Anal incontinence is most often linked with sphincter rupture and/or stretching the pudendal nerves. The aim of our study was to investigate the involvement of the puborectal part of the levator ani muscle in anal incontinence. Seventy-eight female patients were studied by anorectal manometry, 3-dimensional ultrasound examination, and concentric needle electromyography of the external anal sphincter, puborectal muscle, and bulbocavernous muscles, completing with the evaluation of the pudendal nerve terminal motor latencies. Damage to the puborectal muscle was defined by an abnormal ultrasound and/or abnormal electromyography.
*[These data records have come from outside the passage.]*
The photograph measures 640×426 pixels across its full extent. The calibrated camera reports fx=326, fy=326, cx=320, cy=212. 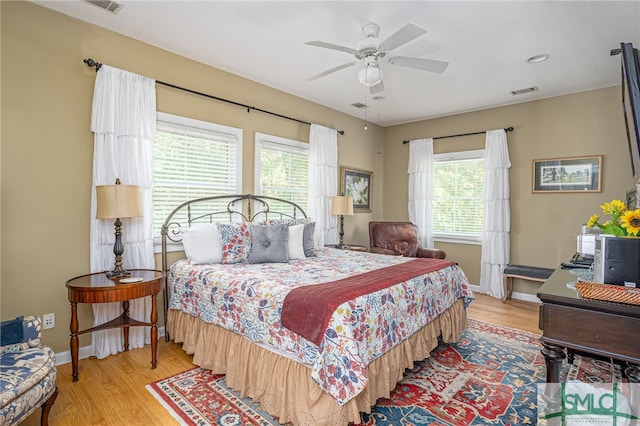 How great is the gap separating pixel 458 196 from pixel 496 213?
0.73m

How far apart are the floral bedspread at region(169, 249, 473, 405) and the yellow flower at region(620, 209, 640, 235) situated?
129 cm

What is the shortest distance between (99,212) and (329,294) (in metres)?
1.98

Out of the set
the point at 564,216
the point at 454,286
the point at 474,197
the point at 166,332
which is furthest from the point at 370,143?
the point at 166,332

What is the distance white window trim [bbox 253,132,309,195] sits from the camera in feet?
13.4

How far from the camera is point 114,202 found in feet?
8.50

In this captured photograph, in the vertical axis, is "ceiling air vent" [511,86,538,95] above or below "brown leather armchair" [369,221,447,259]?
above

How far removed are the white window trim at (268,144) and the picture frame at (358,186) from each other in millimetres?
1098

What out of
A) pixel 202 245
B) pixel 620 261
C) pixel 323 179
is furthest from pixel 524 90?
pixel 202 245

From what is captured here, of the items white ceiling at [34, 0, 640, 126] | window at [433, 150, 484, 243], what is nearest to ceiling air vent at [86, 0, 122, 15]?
white ceiling at [34, 0, 640, 126]

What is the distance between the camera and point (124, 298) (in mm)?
2424

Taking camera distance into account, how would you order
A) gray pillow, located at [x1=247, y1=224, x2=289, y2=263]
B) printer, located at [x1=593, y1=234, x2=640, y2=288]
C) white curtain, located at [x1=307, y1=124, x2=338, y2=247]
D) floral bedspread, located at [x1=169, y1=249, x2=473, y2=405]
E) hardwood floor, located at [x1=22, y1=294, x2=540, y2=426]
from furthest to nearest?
white curtain, located at [x1=307, y1=124, x2=338, y2=247] → gray pillow, located at [x1=247, y1=224, x2=289, y2=263] → hardwood floor, located at [x1=22, y1=294, x2=540, y2=426] → floral bedspread, located at [x1=169, y1=249, x2=473, y2=405] → printer, located at [x1=593, y1=234, x2=640, y2=288]

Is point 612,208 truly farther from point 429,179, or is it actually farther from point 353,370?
point 429,179

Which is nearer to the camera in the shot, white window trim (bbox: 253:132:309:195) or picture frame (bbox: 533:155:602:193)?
white window trim (bbox: 253:132:309:195)

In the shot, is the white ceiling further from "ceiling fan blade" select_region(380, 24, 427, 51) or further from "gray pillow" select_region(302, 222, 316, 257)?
"gray pillow" select_region(302, 222, 316, 257) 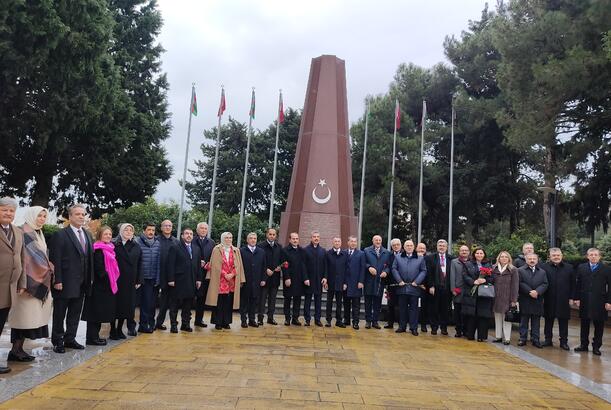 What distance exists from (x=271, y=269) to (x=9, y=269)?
4119mm

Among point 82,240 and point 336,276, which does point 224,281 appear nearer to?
point 336,276

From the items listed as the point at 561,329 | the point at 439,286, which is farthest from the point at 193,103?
the point at 561,329

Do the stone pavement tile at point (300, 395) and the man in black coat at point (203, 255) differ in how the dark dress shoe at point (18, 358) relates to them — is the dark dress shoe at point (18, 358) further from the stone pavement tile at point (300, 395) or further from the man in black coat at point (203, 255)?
the man in black coat at point (203, 255)

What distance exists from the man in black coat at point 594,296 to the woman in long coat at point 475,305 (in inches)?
44.8

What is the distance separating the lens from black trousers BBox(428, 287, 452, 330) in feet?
25.8

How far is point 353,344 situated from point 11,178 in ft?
51.1

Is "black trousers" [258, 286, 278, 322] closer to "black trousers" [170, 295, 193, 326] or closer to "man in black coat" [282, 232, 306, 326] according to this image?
"man in black coat" [282, 232, 306, 326]

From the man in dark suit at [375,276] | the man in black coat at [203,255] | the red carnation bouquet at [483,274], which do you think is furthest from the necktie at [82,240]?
the red carnation bouquet at [483,274]

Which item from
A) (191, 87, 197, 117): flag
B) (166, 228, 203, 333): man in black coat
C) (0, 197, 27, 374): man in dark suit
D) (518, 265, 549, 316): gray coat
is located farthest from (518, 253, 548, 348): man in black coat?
(191, 87, 197, 117): flag

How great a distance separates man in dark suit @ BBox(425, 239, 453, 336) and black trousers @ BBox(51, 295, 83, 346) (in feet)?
16.0

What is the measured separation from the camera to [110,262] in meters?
5.58

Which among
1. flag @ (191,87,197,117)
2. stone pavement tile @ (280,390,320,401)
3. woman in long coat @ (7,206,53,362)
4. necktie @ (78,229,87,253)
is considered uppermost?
flag @ (191,87,197,117)

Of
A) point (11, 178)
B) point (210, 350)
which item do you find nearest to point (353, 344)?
point (210, 350)

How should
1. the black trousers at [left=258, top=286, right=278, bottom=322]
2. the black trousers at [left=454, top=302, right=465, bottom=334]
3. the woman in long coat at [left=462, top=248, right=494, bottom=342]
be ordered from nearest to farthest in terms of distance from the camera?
the woman in long coat at [left=462, top=248, right=494, bottom=342]
the black trousers at [left=454, top=302, right=465, bottom=334]
the black trousers at [left=258, top=286, right=278, bottom=322] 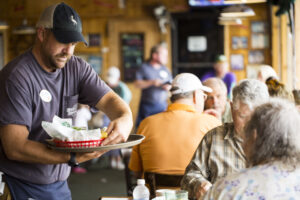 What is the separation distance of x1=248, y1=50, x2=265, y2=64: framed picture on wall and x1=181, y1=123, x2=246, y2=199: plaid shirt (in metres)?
7.01

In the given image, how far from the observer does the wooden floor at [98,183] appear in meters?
6.15

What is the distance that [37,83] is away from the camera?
2.36m

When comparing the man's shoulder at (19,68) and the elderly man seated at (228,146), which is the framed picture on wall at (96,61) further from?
the man's shoulder at (19,68)

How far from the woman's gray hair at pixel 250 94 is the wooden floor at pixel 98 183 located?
3462 millimetres

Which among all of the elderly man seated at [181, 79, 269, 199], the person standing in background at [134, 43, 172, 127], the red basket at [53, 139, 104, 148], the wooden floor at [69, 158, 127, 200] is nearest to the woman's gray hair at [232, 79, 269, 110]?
the elderly man seated at [181, 79, 269, 199]

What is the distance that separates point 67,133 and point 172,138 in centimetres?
134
Rupture of the anal sphincter apparatus and puborectal muscle was found in 23% and 3.8%. The EMG showed damage to the puborectal part in 39 cases: this was isolated in 4 cases and combined with external anal sphincter damage in 35 patients. Unilateral or bilateral increase in the terminal motor latencies of the pudendal nerves was found in 36% (28/78) of the patients. The frequency of peripheral neurogenic lesions varied from 36% to 90% according to the electromyographic tests used. There was no correlation between puborectal part damage and resting pressure, perception threshold, and maximum tolerable rectal volume. The mean Wexner index score was not increased by the existence of a defect involving the puborectal part found by echography or by damage to the puborectal part shown by the EMG. Investigating puborectal muscle lesions reduced the percentage of idiopathic anal incontinence to 2.5%. Our study confirms the feasibility and usefulness of combined electromyography and 3-dimensional ultrasound examination of the puborectal muscle in anal incontinence.